I have been actively searching for a job since February of 2016, a year now, and I still do not have a paid job. I started looking while I was completing my master’s in the Netherlands, so the deck was definitely stacked against me as I was applying to positions from a different country. So, moral of the story, that was 5 months of applying for jobs that led absolutely nowhere. I eventually started applying to paid and unpaid internships. I got a few phone interviews for unpaid internships and eventually accepted one with the Senate and moved out to DC with my boyfriend.
I do believe that we help to make our own futures happen and that through hard work and determination we can achieve many things. However, that being said, I think that it ignores the many other factors that help determine our destiny, like having the right chemistry with the hiring manager, or writing a cover letter that messes with them or arbitrary things like having traveled to the same places as them. Finding a job is really a game of “right time, right place.” You can have all the skills and experience necessary, but if you are not there at the right time it doesn’t matter.
Since moving to DC I have literally been applying to jobs as actively as I can and still nothing has turned up. I have had a few interviews and a few positions that are distinct possibilities but nothing solid. If I want a job to make money to sustain me for a while I can absolutely find one at a retail store or a restaurant, however, I want a job that is challenging. A job that I have spent the last 5 years working towards.
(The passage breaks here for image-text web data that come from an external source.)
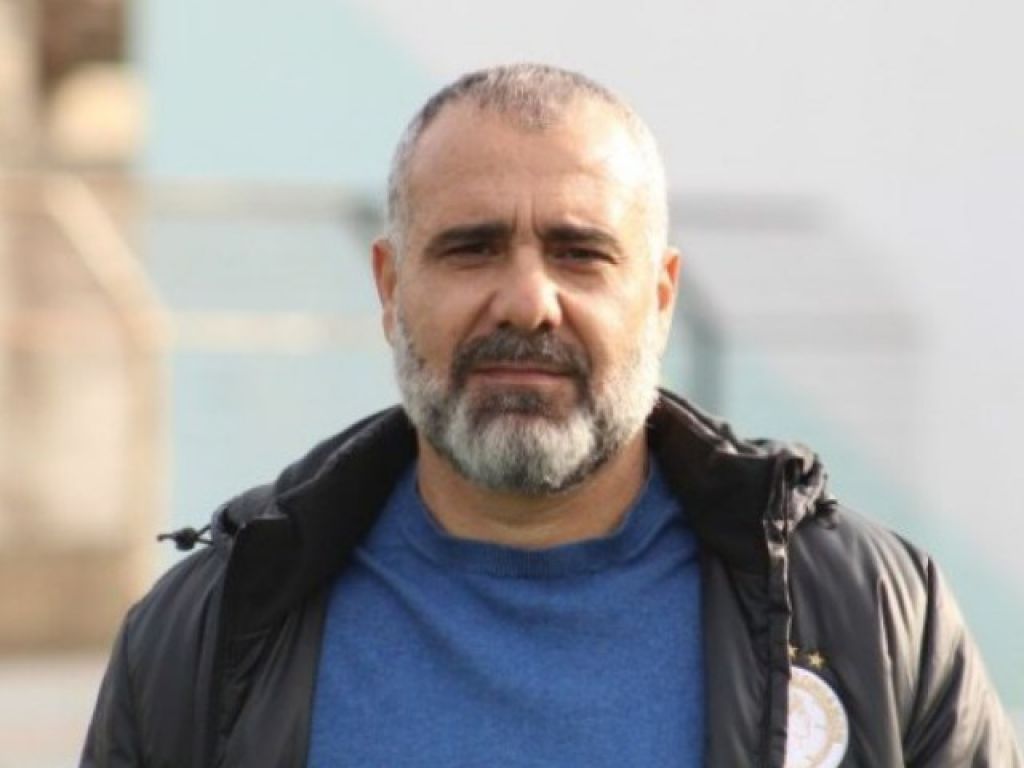 Απαιτεί απόλυση Γκώνια!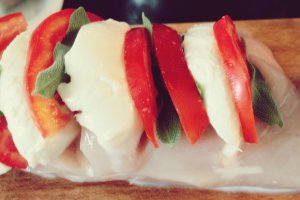 Piept de pui cu mozzarella, rosii si ierburi aromatice
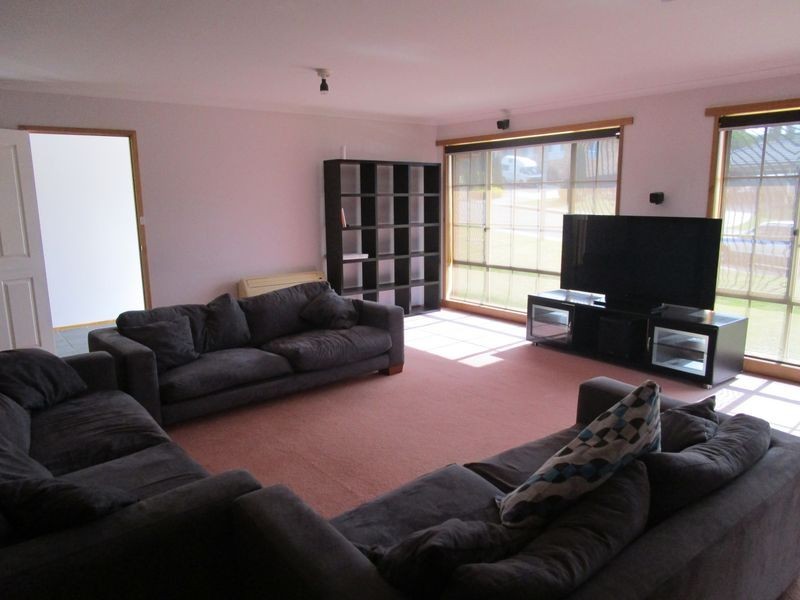 10 WELCOME AVENUE, Kingston TAS 7050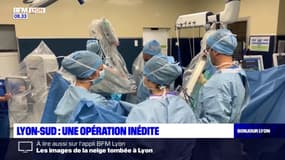 Une opération de gynécologie effectuée par un robot chirurgical à Lyon-Sud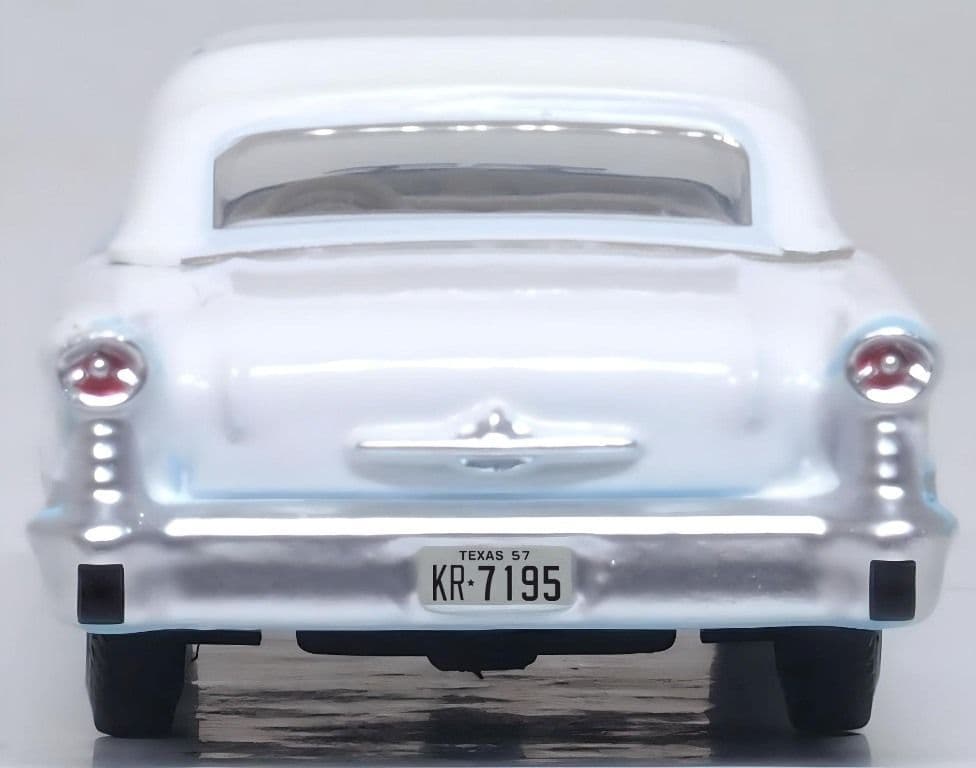 Oxford 87OC57002 Oldsmobile 88 Convertible 1957 (Roof Up) - Banff Blue/Alcan White - 1/87 Scale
A job that befits the thousands of dollars my parents spent on my education.
Logically I know that so much of this is “right place, at the right time,” and/or knowing the right person, however, that doesn’t make me feel better in the short-term. I always felt like I had a bright future ahead of me, and that as long as I did well in school and worked hard I would be able to get a job out of college and start supporting myself. Isn’t that why we go to college? To train and get ready for the “real world?”
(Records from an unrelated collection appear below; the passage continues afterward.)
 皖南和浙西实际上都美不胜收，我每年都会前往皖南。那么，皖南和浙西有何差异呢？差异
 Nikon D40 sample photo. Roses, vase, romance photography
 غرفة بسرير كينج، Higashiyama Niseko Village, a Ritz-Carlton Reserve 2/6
Part of me is simply pissed off. I feel as though I have not been prepared to be thrown into a world where there are too many highly-qualified individuals. Being told I could do anything and to dream big feels like a flat out lie. If I don’t know the right person at the right time I cannot become a (professional) feminist activist. Shit, I have been reaching out to gender equality organizations in DC to volunteer and I get zero response. I am not even good enough to volunteer, seriously!?!?!?
What makes all this feel worse is that there are those people who got a job right out of college. They were the lucky ones, and I am glad they didn’t have to go through the bull-shit, but for many of us that is just not how it goes. Because the job market is “right place, right time,” many of us don’t have the right timing. We apply to jobs from another city or move to a new city a month too late. Or, like me, I am trying to get a job at the start of a new presidency where things went very differently than many of us expected. I know I will get something eventually, but that doesn’t make me feel any better right now while my parents pay my rent and my boyfriend pays for utilities and bills. I am a strong independent woman who DOES need others to survive right now and that hurts.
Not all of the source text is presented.